De plus, cet article prévoit qu’un décret doit établir une nomenclature des sols artificialisés ainsi que l’échelle à laquelle l’artificialisation des sols doit être évaluée dans les documents de planification et d’urbanisme.
Le décret en question a été publié le 29 avril 2022 et a été notamment codifié à l‘article R.101-1 du Code de l’urbanisme.
Selon ce décret, le classement d’une surface comme artificialisée dans la nomenclature doit se faire en fonction de l’utilisation réelle du sol, et non en fonction de sa classification dans le document d’urbanisme. Par exemple, un terrain conservé à son état naturel doit être considéré comme non artificialisé, même s’il est classé comme zone urbanisée dans le plan local d’urbanisme (PLU). À l’inverse, un terrain construit en zone agricole ou naturelle doit être pris en compte dans le calcul des surfaces artificialisées.
Pour évaluer cette utilisation effective, le décret prévoit que « l’occupation effective est mesurée à l’échelle de polygones dont la surface est définie en fonction de seuils de référence précisés par arrêté du ministre chargé de l’urbanisme, selon les normes du Conseil national de l’information géolocalisée ».
En d’autres termes, pour déterminer si un terrain est artificialisé dans un document d’urbanisme, le décret renvoie la responsabilité à un arrêté ministériel. Cet arrêté doit lui-même être élaboré en se conformant aux normes établies par un organisme administratif distinct, en l’occurrence le Conseil national de l’information géolocalisée, qui est rattaché au Ministère du développement durable.
Cependant, cette délégation de compétence a été remise en question par le Conseil d’État, qui a annulé le décret sur ce point en arguant qu’il souffrait d’une « incompétence négative ». En d’autres termes, les rédacteurs du décret n’ont pas rempli leur devoir de définir, conformément à la loi, l’échelle à laquelle l’artificialisation des sols doit être évaluée dans les documents de planification et d’urbanisme.
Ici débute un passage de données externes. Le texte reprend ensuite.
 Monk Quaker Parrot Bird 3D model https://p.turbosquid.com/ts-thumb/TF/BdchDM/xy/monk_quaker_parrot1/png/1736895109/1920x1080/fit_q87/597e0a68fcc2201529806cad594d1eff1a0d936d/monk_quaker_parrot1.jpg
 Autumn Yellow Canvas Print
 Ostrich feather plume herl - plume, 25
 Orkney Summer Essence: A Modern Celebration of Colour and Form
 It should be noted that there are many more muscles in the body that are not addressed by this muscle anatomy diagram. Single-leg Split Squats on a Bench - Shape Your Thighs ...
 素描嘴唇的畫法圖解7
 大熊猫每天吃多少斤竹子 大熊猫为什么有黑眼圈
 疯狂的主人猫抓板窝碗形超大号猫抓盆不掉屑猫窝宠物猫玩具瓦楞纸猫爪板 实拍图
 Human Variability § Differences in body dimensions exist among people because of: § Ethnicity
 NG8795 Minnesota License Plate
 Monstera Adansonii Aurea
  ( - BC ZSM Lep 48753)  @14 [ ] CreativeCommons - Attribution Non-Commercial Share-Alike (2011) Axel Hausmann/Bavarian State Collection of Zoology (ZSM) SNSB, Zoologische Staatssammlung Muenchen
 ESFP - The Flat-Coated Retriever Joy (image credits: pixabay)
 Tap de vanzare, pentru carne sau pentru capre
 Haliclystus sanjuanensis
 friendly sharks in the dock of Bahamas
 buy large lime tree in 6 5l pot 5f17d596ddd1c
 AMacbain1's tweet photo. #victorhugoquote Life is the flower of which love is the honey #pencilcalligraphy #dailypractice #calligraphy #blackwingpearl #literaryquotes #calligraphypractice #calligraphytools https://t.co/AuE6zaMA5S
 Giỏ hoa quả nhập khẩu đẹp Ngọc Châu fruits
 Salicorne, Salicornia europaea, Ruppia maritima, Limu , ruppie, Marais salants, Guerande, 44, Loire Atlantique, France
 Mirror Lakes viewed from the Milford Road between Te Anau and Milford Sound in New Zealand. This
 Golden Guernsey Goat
En termes simples, le Conseil d’État rappelle au gouvernement qu’il doit lui-même élaborer les textes d’application de la loi, surtout lorsque la loi l’exige explicitement, et ne peut pas déléguer cette tâche à un autre organe de l’exécutif.
Désormais, il existe une incertitude quant à la manière d’évaluer l’utilisation effective d’une surface dans un document d’urbanisme pour déterminer si elle est artificialisée ou non, car la méthode établie par le gouvernement dans le décret du 29 avril 2022 a été annulée par le Conseil d’État (CE, 4 octobre 2023, Association des Maires de France, req., n° 465341).
Il incombe donc au gouvernement de revoir sa copie et d’adopter de nouvelles dispositions à ce sujet, ce qui pourrait être fait rapidement, étant donné l’annonce de la publication de nouveaux décrets d’application de la loi climat et résilience.